*** Study material ***
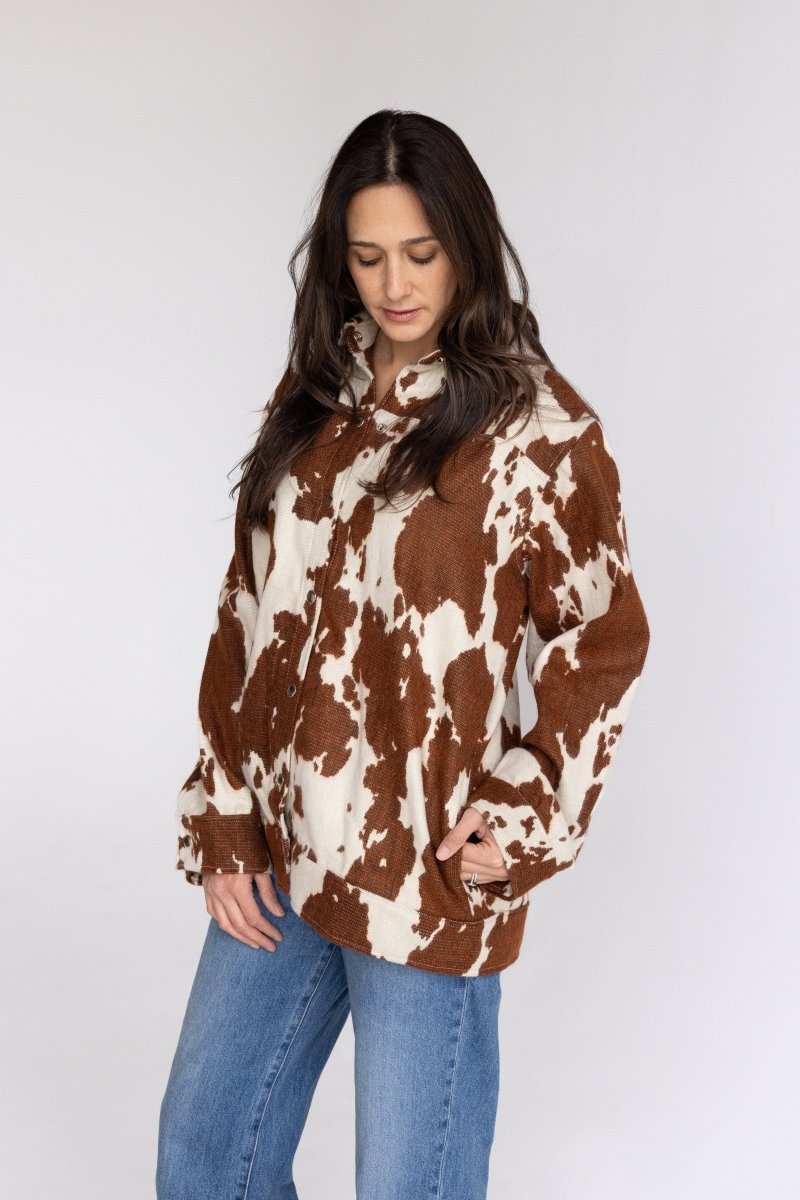 Cow Print Western Shacket - Handmade - Mama Ponchos
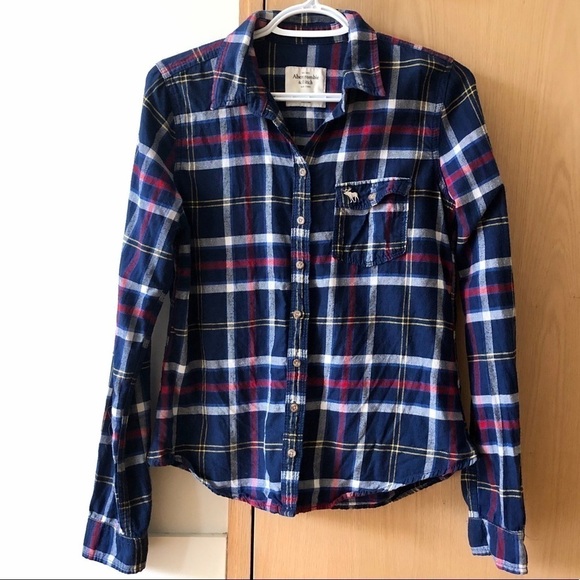 ABERCROMBIE & FITCH FLANNEL BUTTON DOWN SHIRT - M - Picture 2 of 7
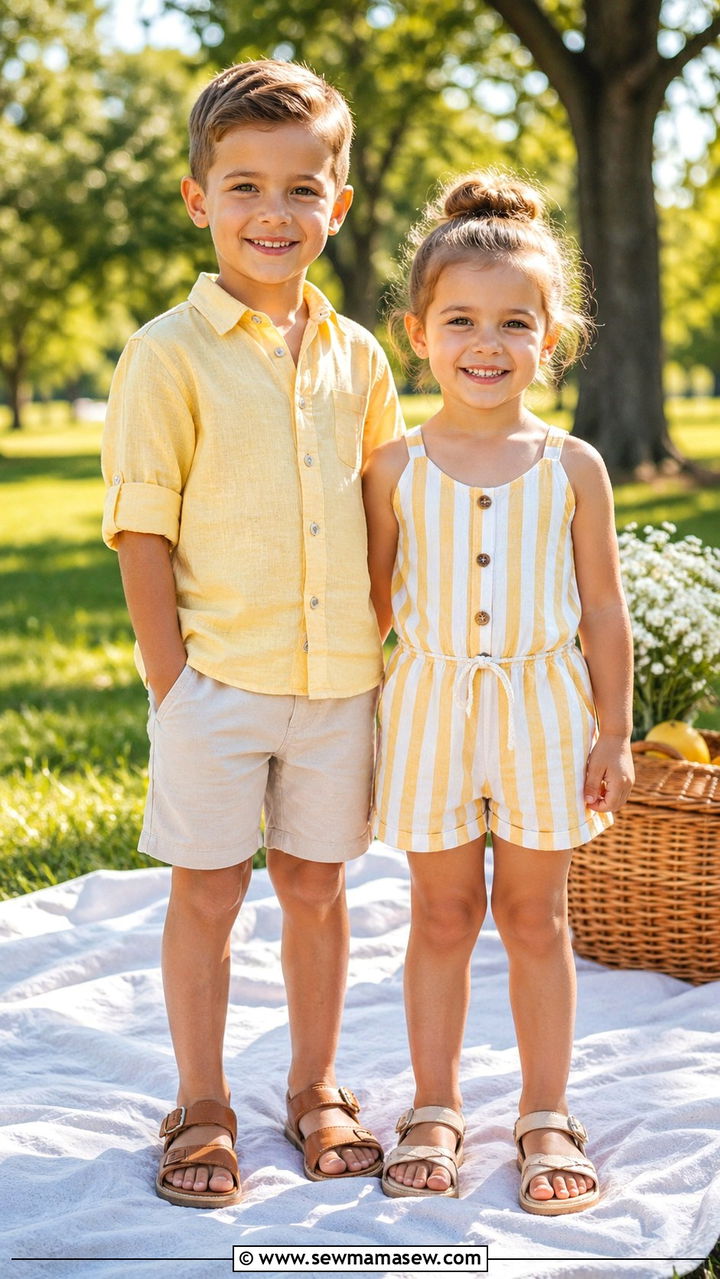 Summer Romper and Linen Shorts Sibling Coordination - 30 Sibling photoshoot outfit ideas
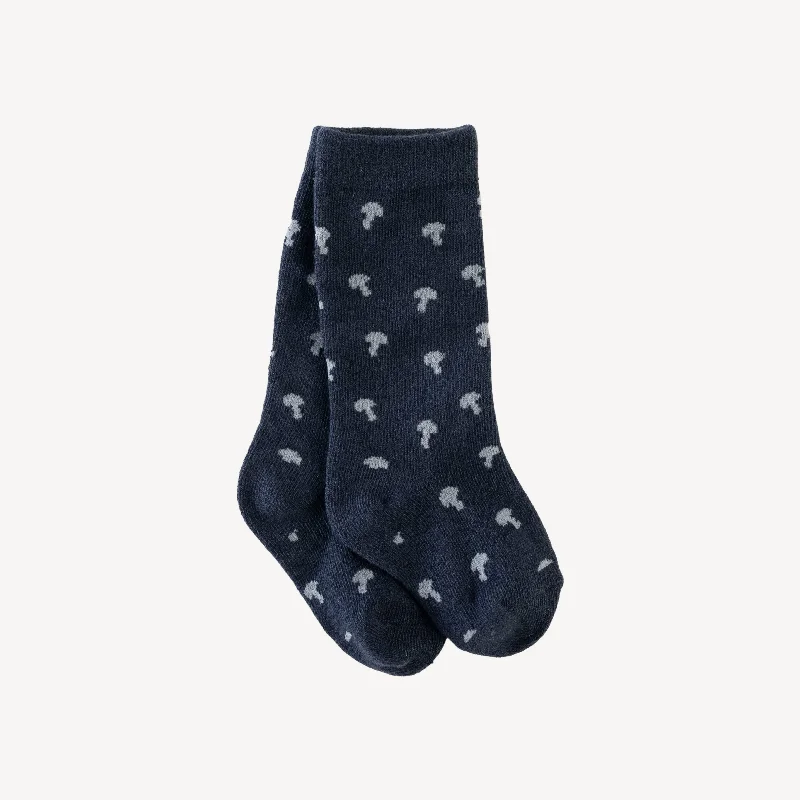 knee socks | blue tiny mushroom | organic cotton jacquard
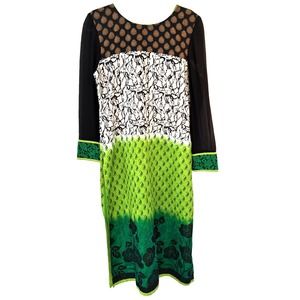 Kurta Top Women's 40" W 25"L Made in India Green Black Gold Traditional‎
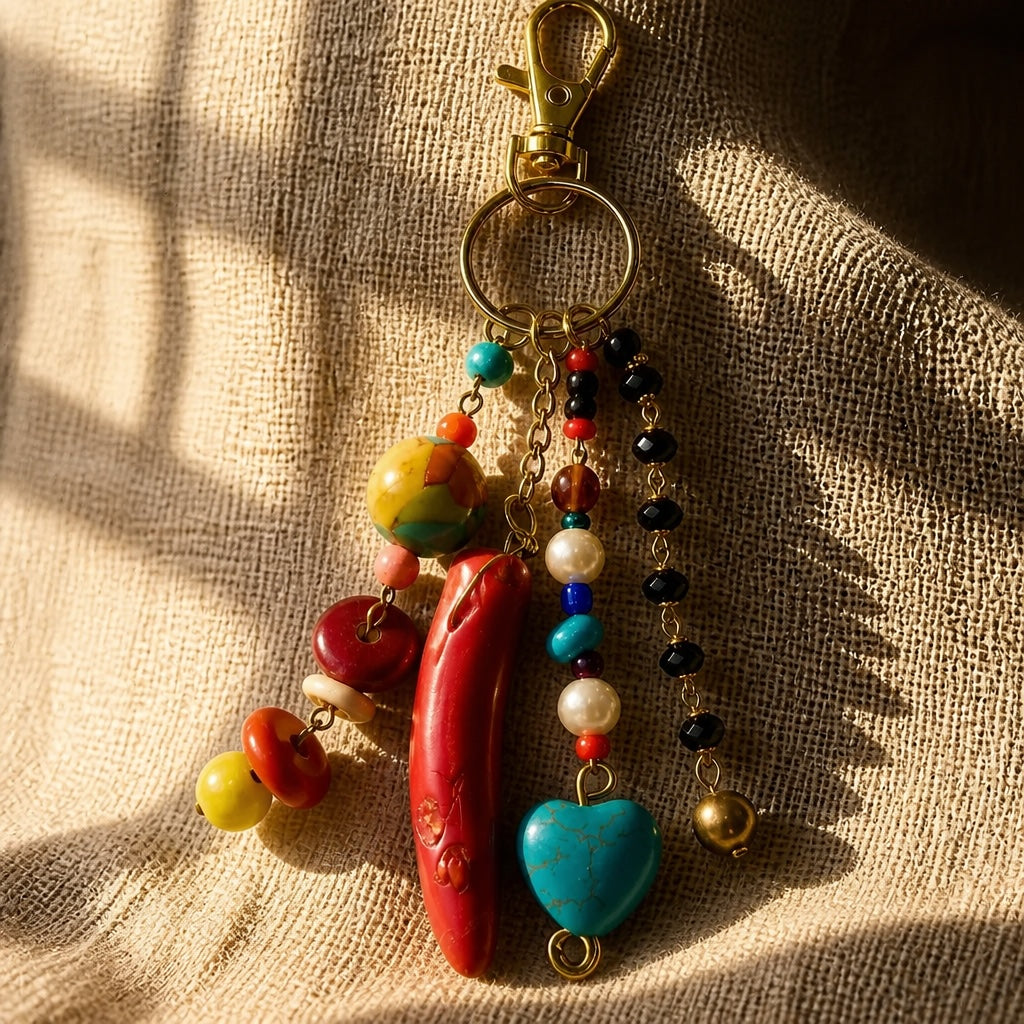 Ariel La Boutique bohemian beaded keychain featuring a red horn charm, turquoise heart, pearls, and crystals on gold.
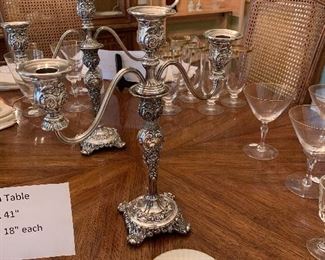 Pr of silverplate candelabras
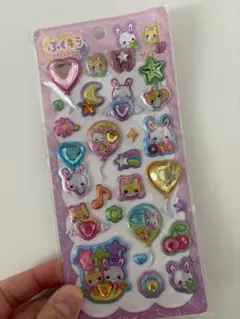 ぷくキラバルーンステッカー　ぷくキラ　フワフワらびちゃん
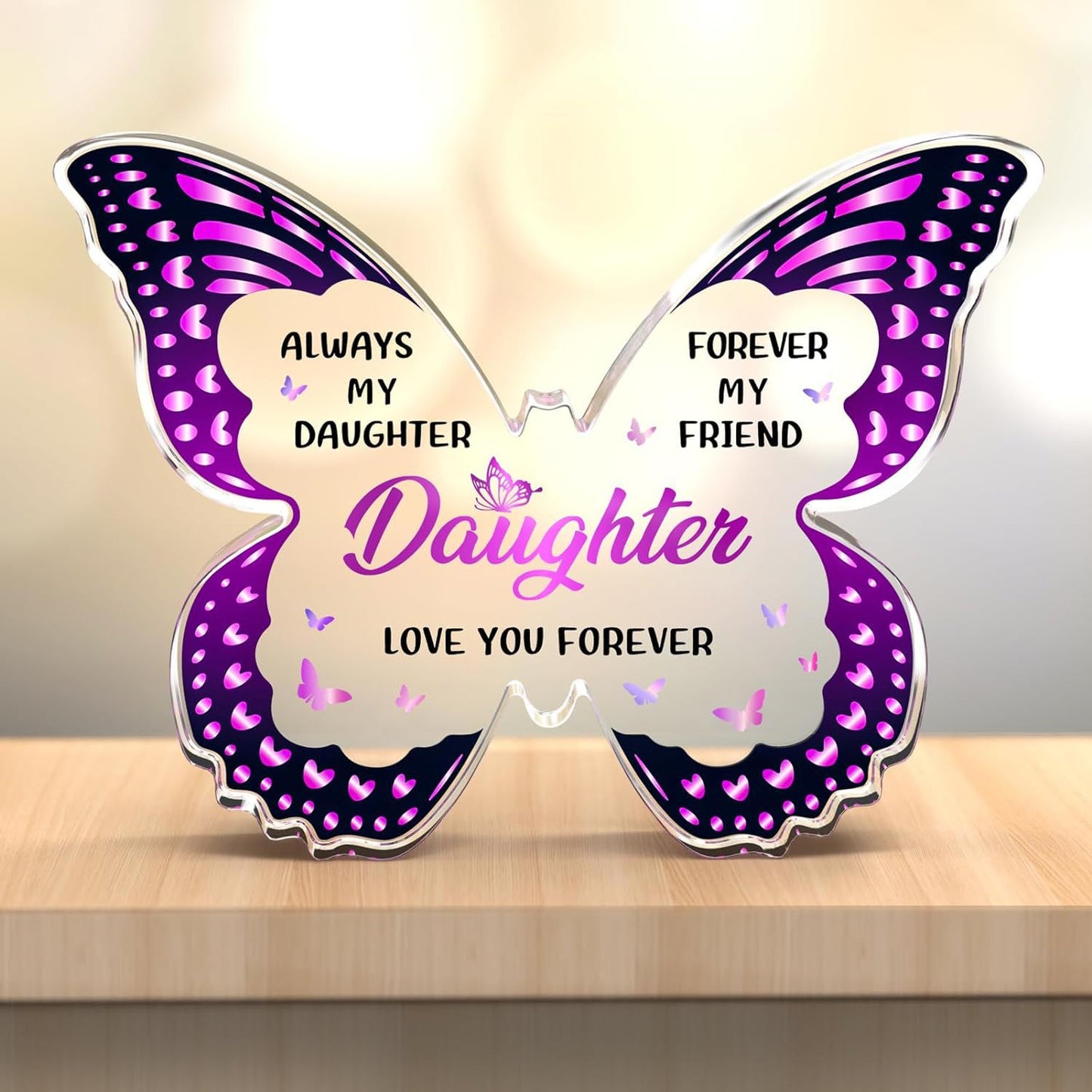 Purple Butterfly Transparent Acrylic Plaque, Mother's, Day Birthday Gift, Gift For Mom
***
▸ **Problem**: Reproduce only the lines between the line with "ぷくキラバルーンステッカー　ぷくキラ　フワフワらびちゃん" and the final line of the records, both included, so that the copy matches them exactly and contains no pictures.

▸ **Exercise answer**:
 ぷくキラバルーンステッカー　ぷくキラ　フワフワらびちゃん
 Purple Butterfly Transparent Acrylic Plaque, Mother's, Day Birthday Gift, Gift For Mom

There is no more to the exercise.